AIM OF THE EXERCISE => Beginning with the line that holds "5 Core Drum" and finishing with the line that holds "gold foil mermaid,jingna,siren,naiad,sirena,amphitrite,water", repeat the listing exactly, leaving every picture out.

DATASET CONTENT =>

▼

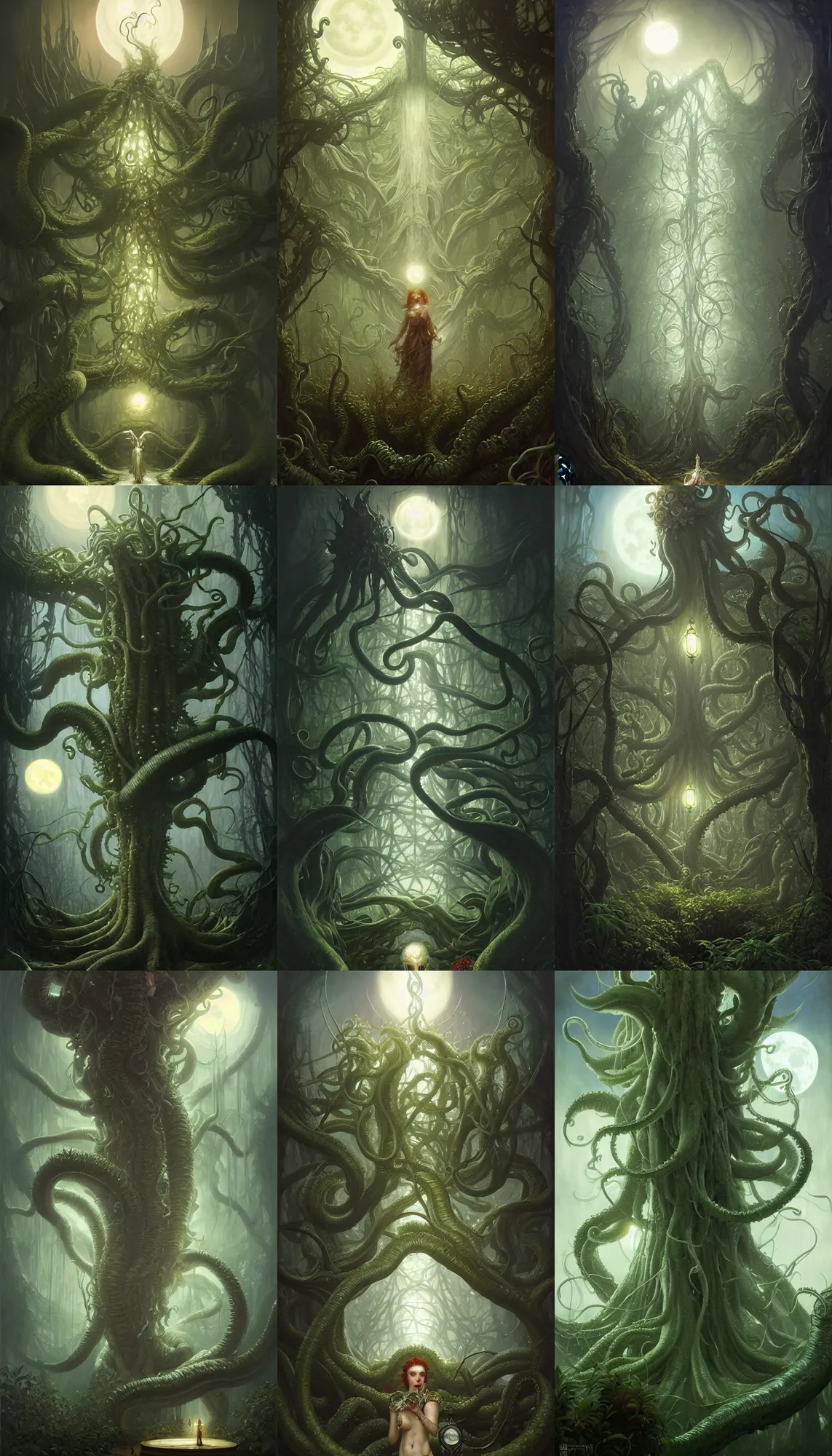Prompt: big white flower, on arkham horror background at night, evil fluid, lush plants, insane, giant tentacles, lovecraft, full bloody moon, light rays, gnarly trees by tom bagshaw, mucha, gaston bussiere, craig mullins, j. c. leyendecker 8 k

▲
▼

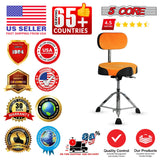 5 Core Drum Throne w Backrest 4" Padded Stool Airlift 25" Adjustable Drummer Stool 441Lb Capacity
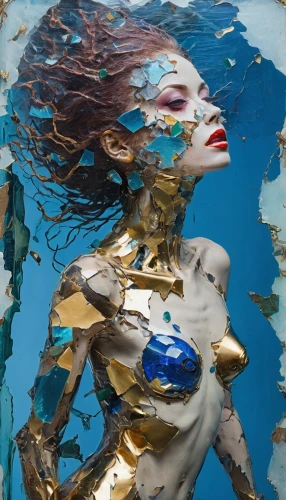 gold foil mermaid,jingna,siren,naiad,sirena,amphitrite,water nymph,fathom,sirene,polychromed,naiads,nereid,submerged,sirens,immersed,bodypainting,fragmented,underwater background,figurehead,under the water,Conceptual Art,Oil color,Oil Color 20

▲

RESULT OF THE TASK =>
 5 Core Drum Throne w Backrest 4" Padded Stool Airlift 25" Adjustable Drummer Stool 441Lb Capacity
 gold foil mermaid,jingna,siren,naiad,sirena,amphitrite,water nymph,fathom,sirene,polychromed,naiads,nereid,submerged,sirens,immersed,bodypainting,fragmented,underwater background,figurehead,under the water,Conceptual Art,Oil color,Oil Color 20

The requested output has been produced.